До появления сомнений в авторстве Стратфордца все исследователи и поклонники гениального поэта всегда воспринимали его наследие как органическое целое, обладающее особой чисто шекспировской стилистикой. Замечательный Озерный поэт, романтический философ и психолог С.Т. Кольридж (1772-1834) в лекциях и статьях о Шекспире подробно говорил, об особенностях слога и стиля Шекспира. Вот что пишет об этом С. Макуренкова в статье «Творчество Шекспира и Данна в системе художественных взглядов Кольриджа»: «Отличительные черты лирического поэта Кольридж видел в “глубоком чувстве и тонком переживании прекрасного, явленных глазу в комбинациях форм, а уху – в сладкогласных и достойных мелодиях”. При этом Шекспир как лирический поэт отличался, с его точки зрения (Кольриджа), страстной любовью к природе и всему естественному, обладал фантазией, которая соединяла несхожие образы, с легкостью определяя моменты их сложного подобия… Соединяя “множество обстоятельств в едином моменте мысли”, Шекспир, по мнению Кольриджа, приблизился к воссозданию человеческой мысли и чувства в их предельной полноте (“ultimate end”), иными словами – в той органичности проявления, когда они суть единство (“unity”)…Растворение единственного, неповторимого шекспировского “я” в сонме характеров, порожденных его воображением, являло своего рода другой абсолют органичности подлинно творческого акта…“Еще до того, как Шекспир приступил к созданию драматических произведений, он доказал, что обладает подлинно глубоким, энергичным и философским складом ума, без которого из него мог бы получиться весьма незаурядный лирик, но никогда – великий драматический поэт”.
…Единственным писателем, в котором оба начала (поэзия, драма) для Кольриджа выступали примиренными, был Шекспир; и, подчеркивая особую природу поэтического видения своего предшественника, Кольридж настаивал на полной слиянности двух начал – поэтического и драматического – в его творчестве» [38].
Так Кольриджу видится исключительность творческой манеры Шекспира. Думаю, ему и в голову не могла прийти возможность группового авторства «Шекспира». В ту пору еще была уверенность, что вот-вот найдутся рукописи Шекспира и какие-то свидетельства его творческого общения. Меня среди этих цитат поразило совпадение восприятия Шекспира с характеристикой, данной Кориэту в одном из панегириков, предпосланных «Кориэтовым нелепостям» (этот толстенный волюм – путевые заметки Томаса Кориэта, еще одной маски Ратленда); друг Кориэта пишет о нем почти-то же, что и Кольридж, только более красочно, хотя и жестко, и намекает на учителя: «Любимец славы, атом знания живой, Природы текст, умением до блеска доведенный, не будь Учителя, остался б ты любимчиком всеобщим, но пустым». То же говорит и Кольридж: лирик получился бы неплохой, но не будь глубокого философского ума («атом знания живой»), великим поэтом он бы не стал. Словом, без мощного мыслительного аппарата гениальным поэтом стать невозможно.

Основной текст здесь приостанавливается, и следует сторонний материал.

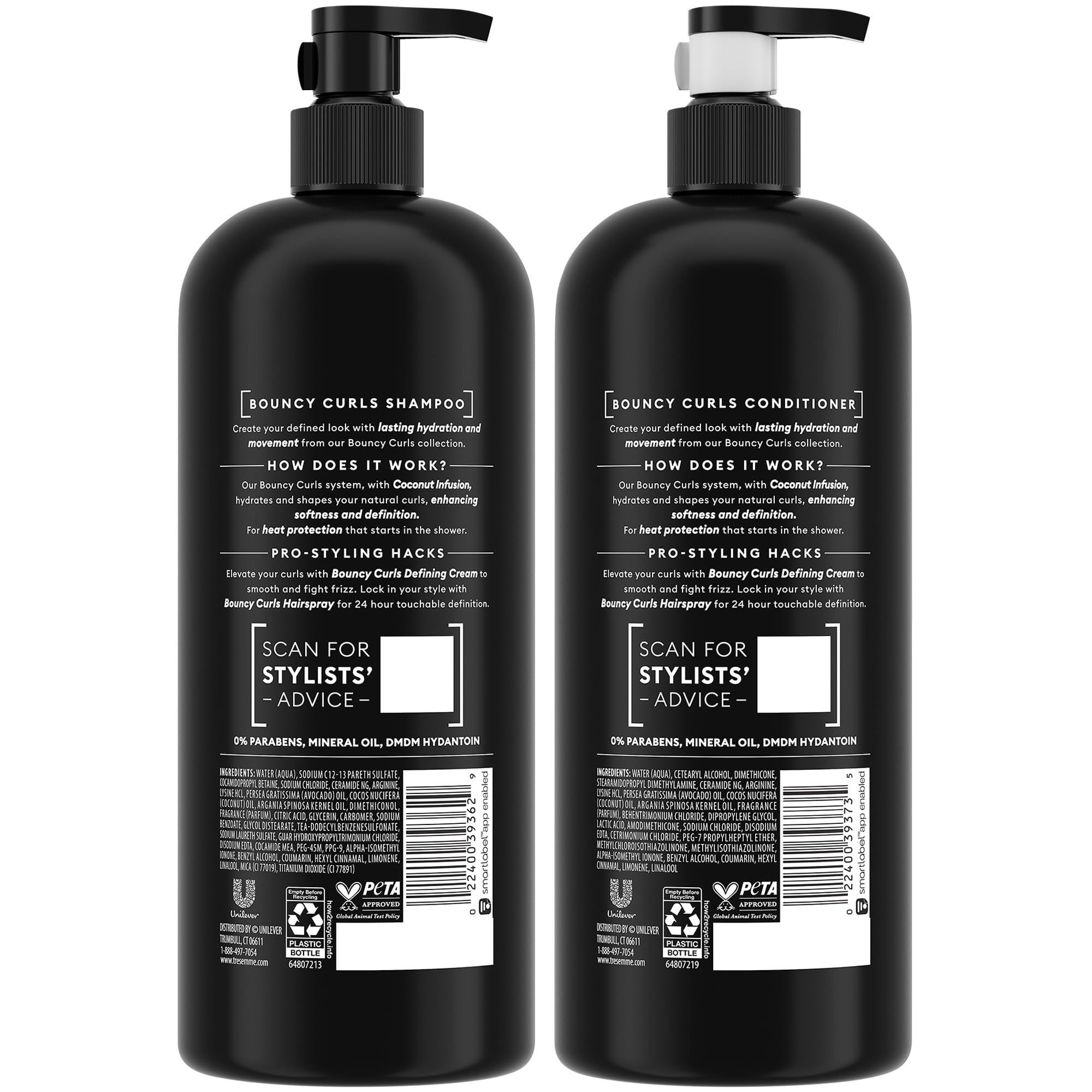TRESemmé Bouncy Curls conditioner tube offering frizz control for defined curls.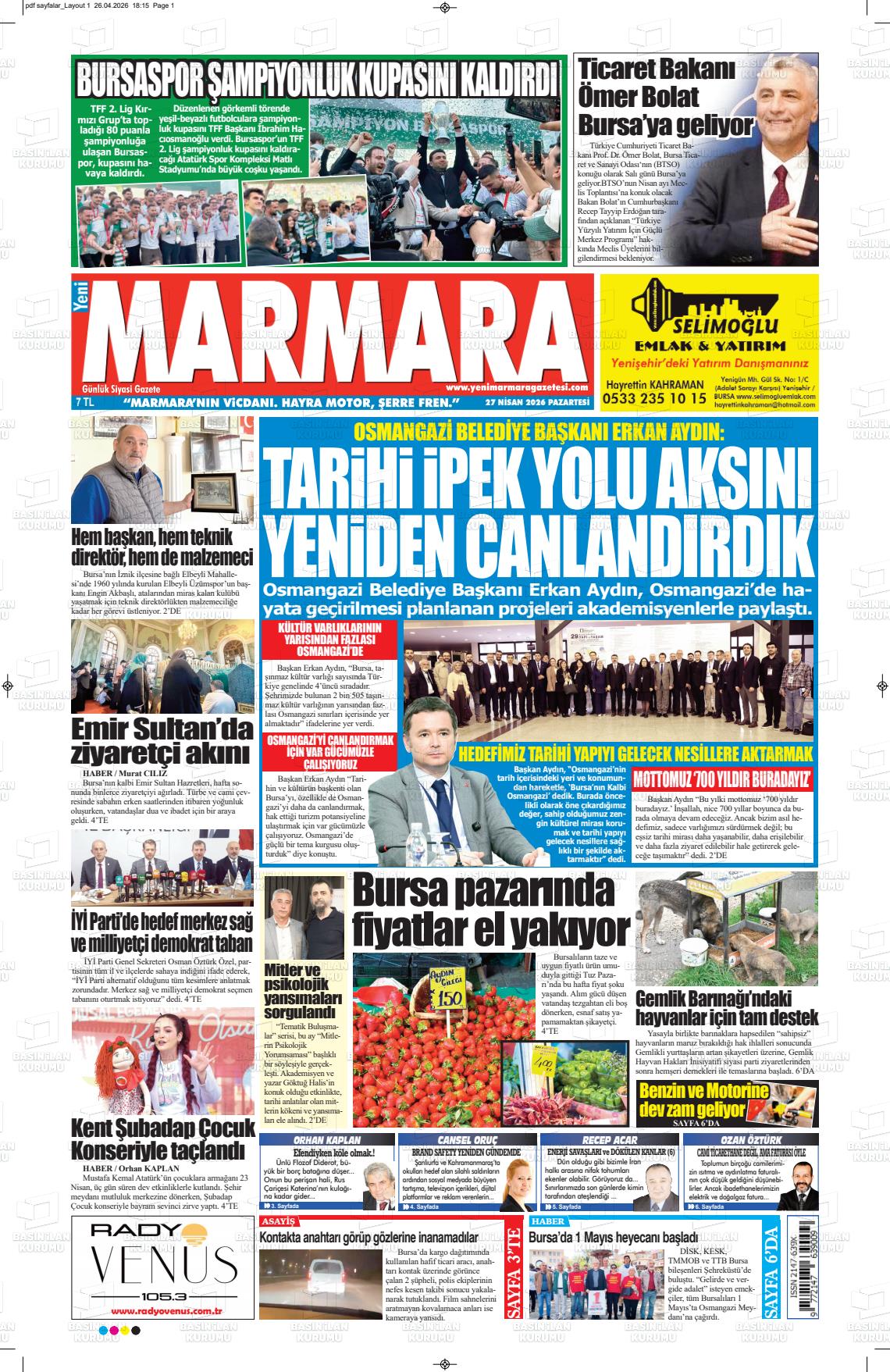 Bursa Yenimarmara 27.04.2026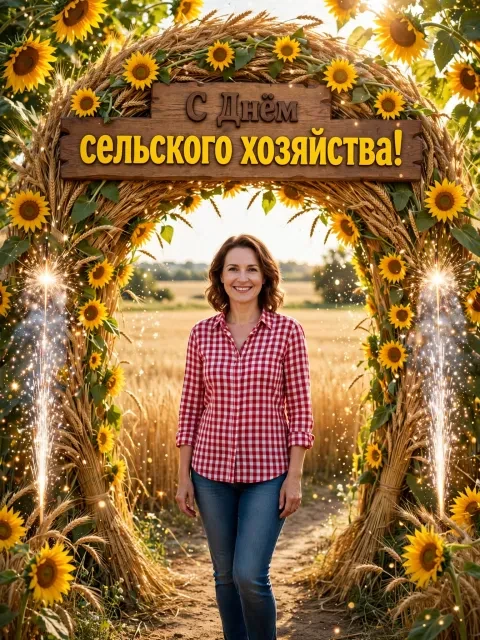 Выбрать дизайн «Арка плодородия и подсолнухи»
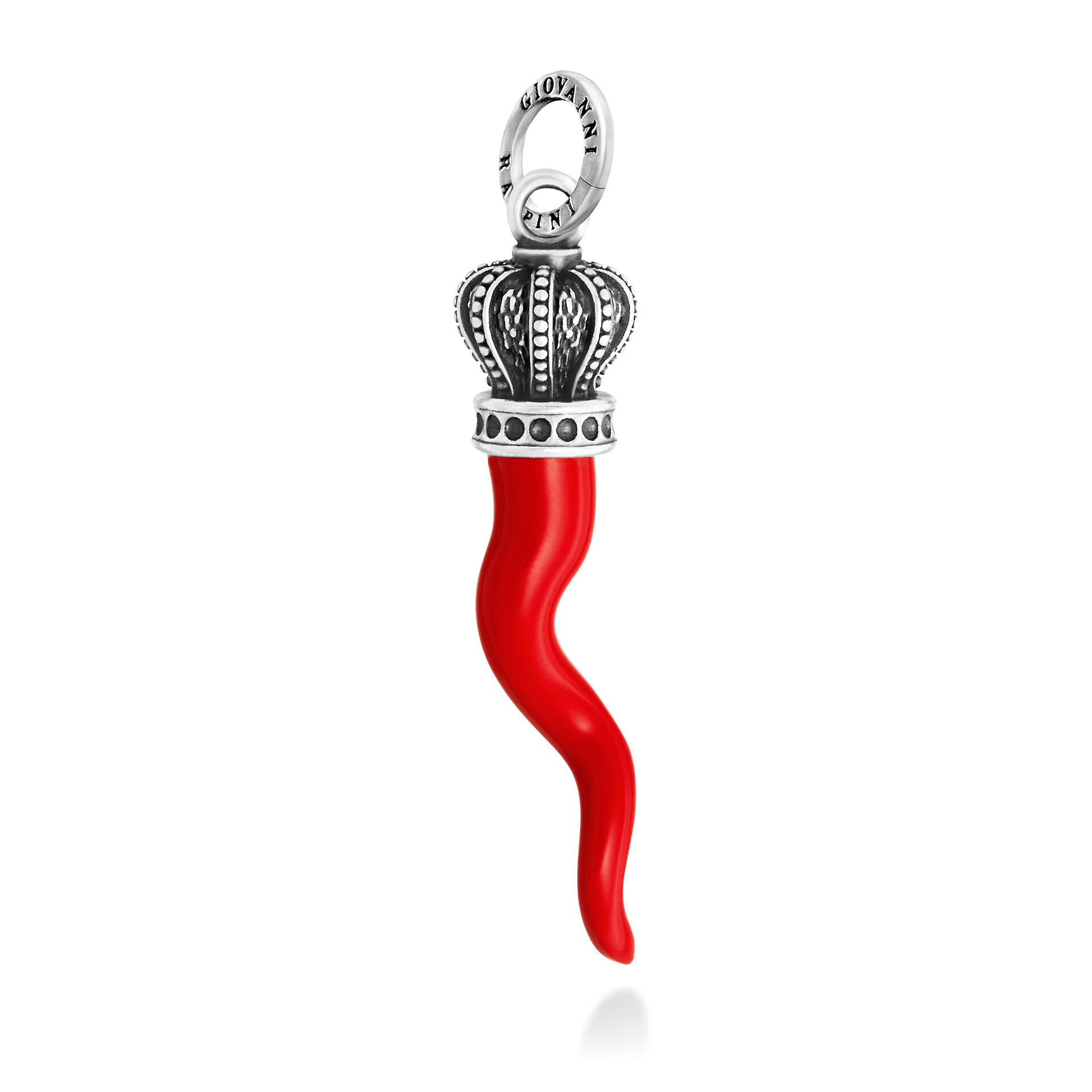 Crown Red Italian Horn Charm image number 0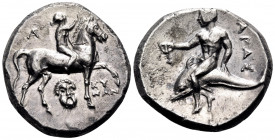 CALABRIA. Tarentum. Circa 272-240 BC. Nomos (Silver, 19.5 mm, 6.44 g, 3 h), struck under the magistrate Kynon. Nude youth riding horse walking to righ...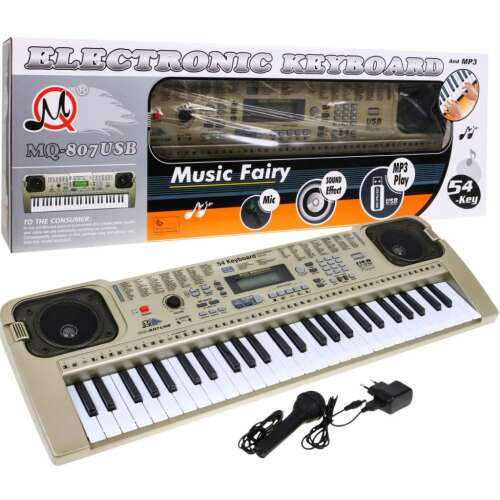 Music Fairy MQ-807 USB 54-key electronic keyboard with microphone, speakers, and MP3 player
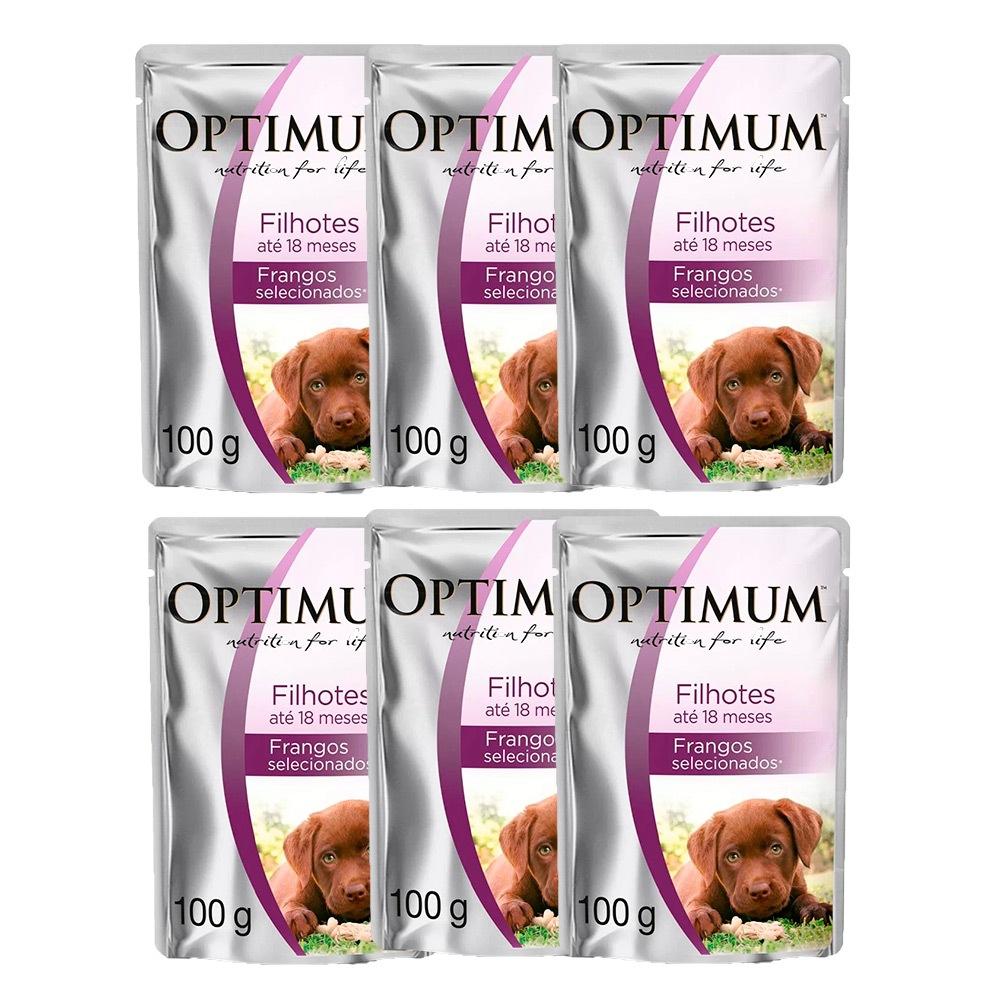 Kit com 6 Ração Úmida Optimum Sachê Cães Filhotes Até 18 Meses Frango 100g em Oferta na Shopee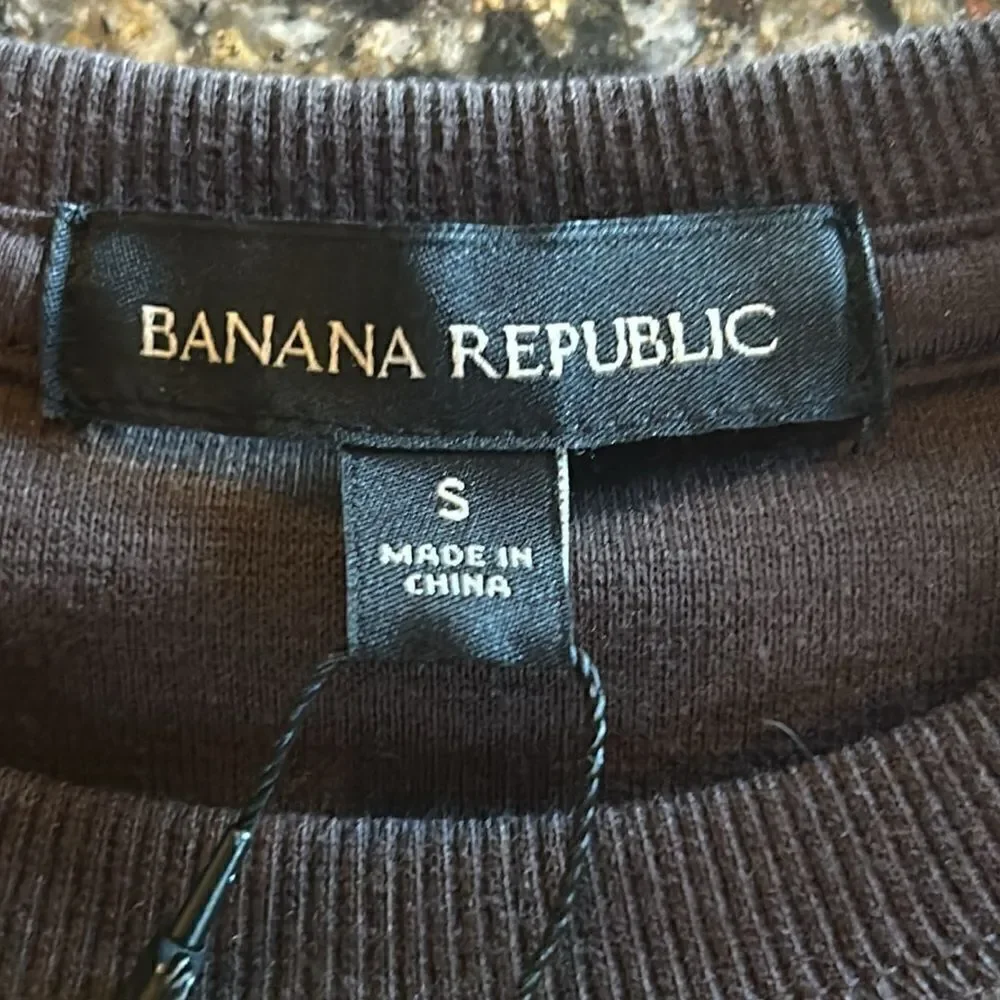 NEW Banana Republic Mens Brown Waffle Knit Crewneck Shirt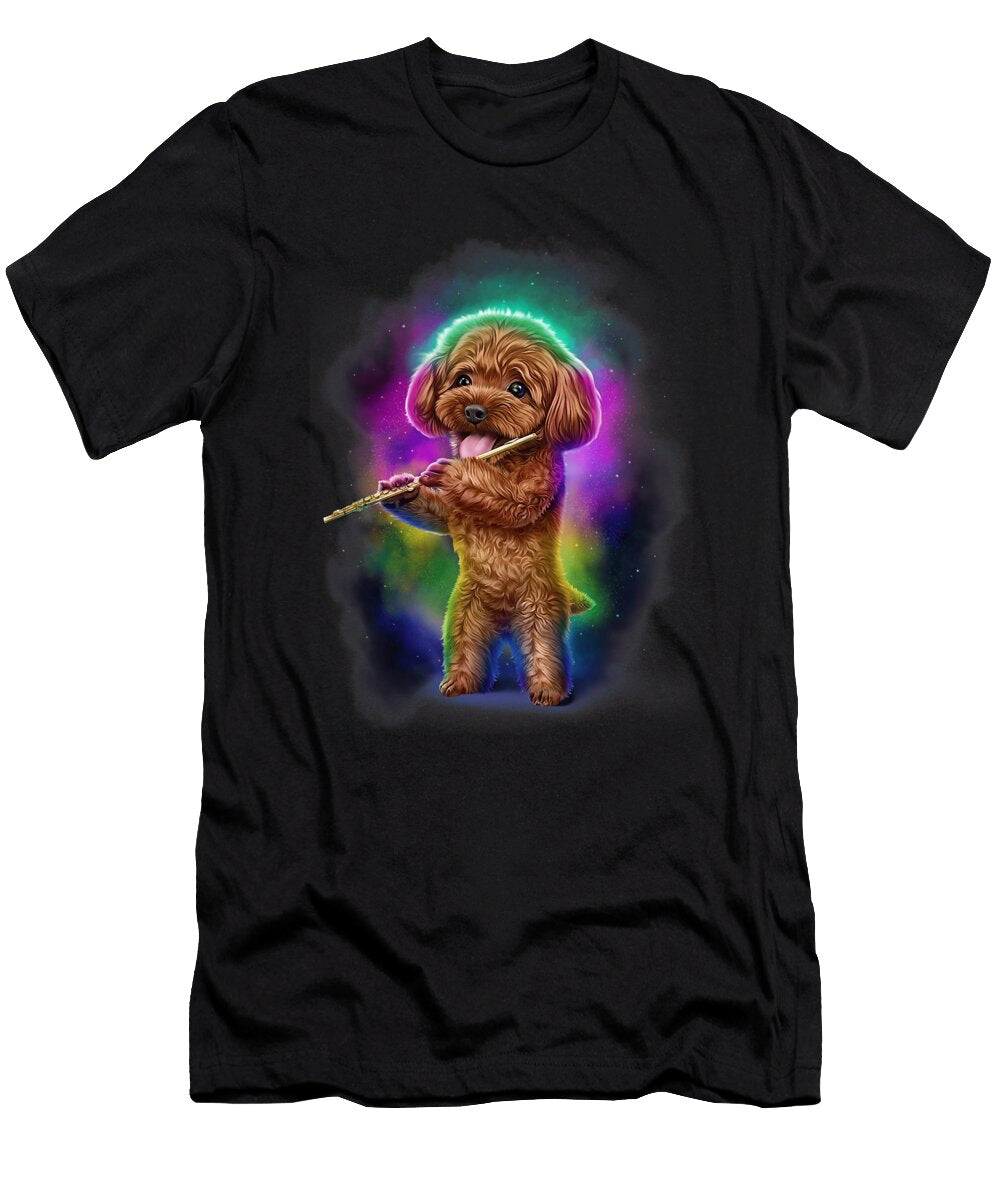 Poodle Dog Play Flute in Galaxy Rainbow Space Yah Lishr T-Shirt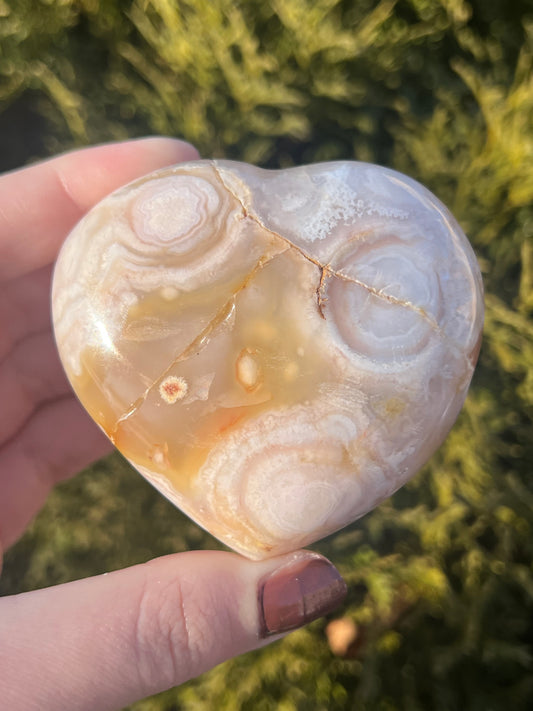 Flower Agate Heart #2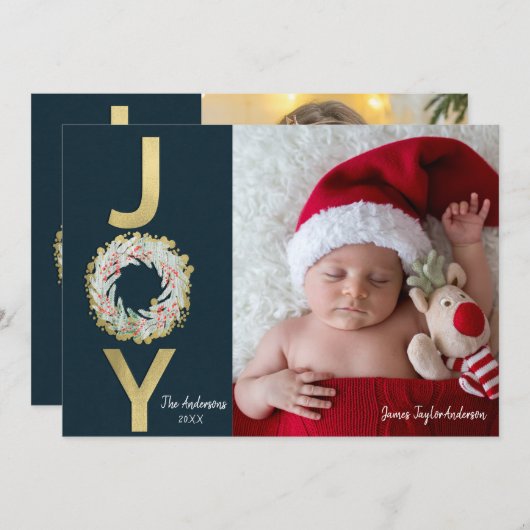 クリスマスジョイゴールドフォイルモダン両面フォト シーズンカード (正面/裏面)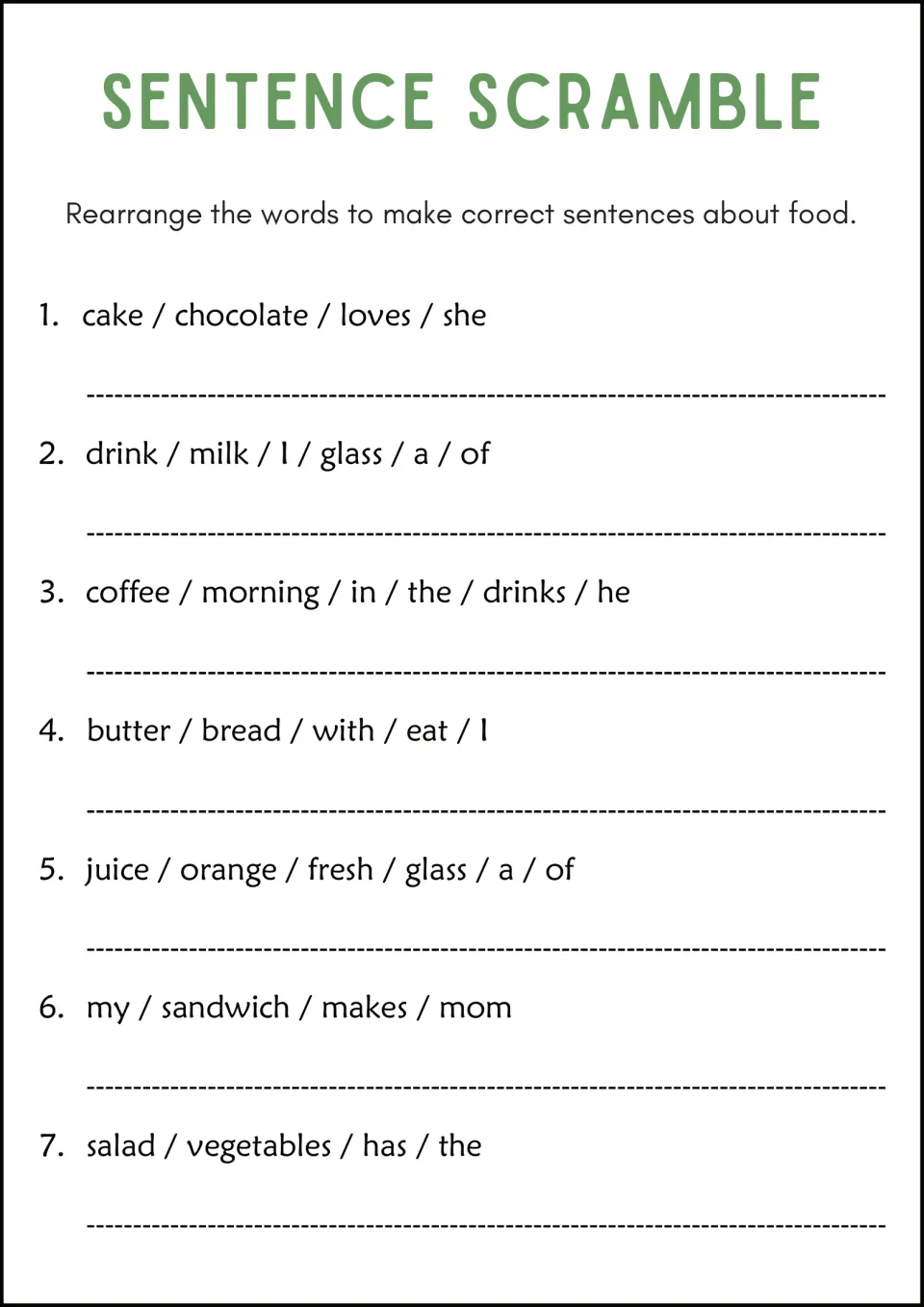 Food vocabulary: learners fix the order of word strings about chocolate cake, milk, coffee, bread, juice and salad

Тут кстати придется соображение Т.С. Элиота о Шекспире: «The standard set by Shakespeare is that of continuous development in which the choiсe both of theme and of dramatic and verse technique in each play seems to be determined increasingly by Shakespeare’s state of feeling, by particular stage of his emotional maturity of the time. What is “the whole man” is not simply his greatest or maturest achievement, but the whole pattern formed by the sequence of plays; so that we may say confidently that the full meaning of any one of his plays is not in itself alone, but in the order in which it was written, in its relation to all of Shakespeare’s other plays, earlier and later: we must know all of Shakespeare’s work in order to know any of it. No other dramatist of the time approaches anywhere near to this perfection of pattern, superficial and profound…» [39]. Перевод: «Образец творческого процесса, данный Шекспиром, – это непрерывное, последовательное развитие; замысел, версификация и драматургия каждой пьесы обусловлены по восходящей чувствами Шекспира, определенной ступенью эмоциональной зрелости во время ее создания. Его “человек во всем” не просто величайшее с лихвой зрелое достижение, но сценарий, последовательно составленный пьесами; так что мы можем с уверенностью сказать – полнота отдельно взятой пьесы заключена не только в ней самой, она определяется временным порядком ее написания, отношением ко всем другим пьесам, сочиненным ранее и позже: чтобы понять любую пьесу Шекспира, надо знать все его творчество. Ни один драматург того времени ни на йоту не приблизился к подобному совершенству архитектоники совокупно взятого творчества, этому глубокому и очевидному плану…» Это наблюдение Элиота, во-первых, опрокидывает групповую гипотезу, а во-вторых, указывает на тесную связь жизни Шекспира и его творчества, как ее ощутил другой великий поэт: именно ход жизни, чувственное и мировоззренческое развитие сопрягает воедино все писания Шекспира.